Subsection 22-10-14F provides that "[n]othing in this section or section 22-10-14.1 NMSA 1978 shall be construed as creating any statutorily created property right." Thus, the legislature has evidenced its intent not to create a property right to continued employment, and the teachers' hearing procedures thus clearly satisfy due process requirements. We note, however, that Sections 22-10-17 and 22-10-17.1 contain no similar language.
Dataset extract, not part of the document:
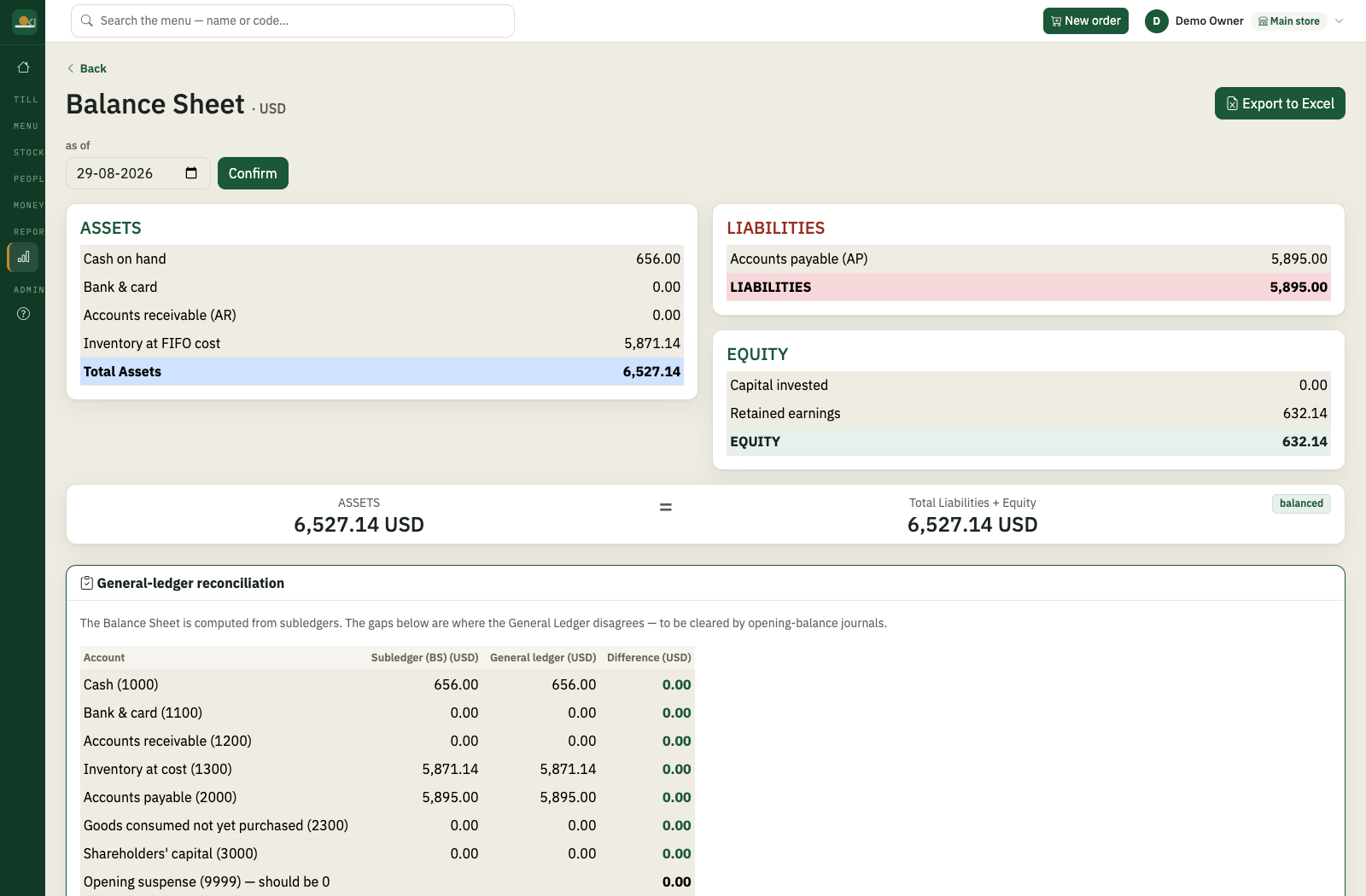 Balance sheet — assets, liabilities and equity in two currencies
Assuming, without deciding, that the hearing provisions create a property right, the hearing procedures satisfy the Supreme Court's standards for procedural due process requirements. A pre-termination opportunity to respond, coupled with a post-termination administrative hearing, provides all the process that is due. Loudermill, 470 U.S. at 547-48. A pre-termination "hearing" need not be elaborate. It serves as an "initial check against mistaken decisions"; the employee "is entitled to oral or written notice of the charges against him, an explanation of the employer's evidence, and an opportunity to present his side of the story." Id. at 545-46. And any due process requirement that there be a full adversarial evidentiary hearing is satisfied by a full post-termination hearing, where a pre-termination hearing has been provided. Id. at 546. Cf. Kelly v. Smith, 764 F.2d 1412 (11th Cir. 1985) (a discharged employee's informal meeting with the city manager after discharge was not sufficient to satisfy procedural due process requirements).

In summary, we conclude that Sections 22-10-14, 22-10-14.1, 22-10-17, 22-10-17.1 NMSA 1978 satisfy the requirements of the Due Process Clause of the Fourteenth Amendment to the Constitution of the United States.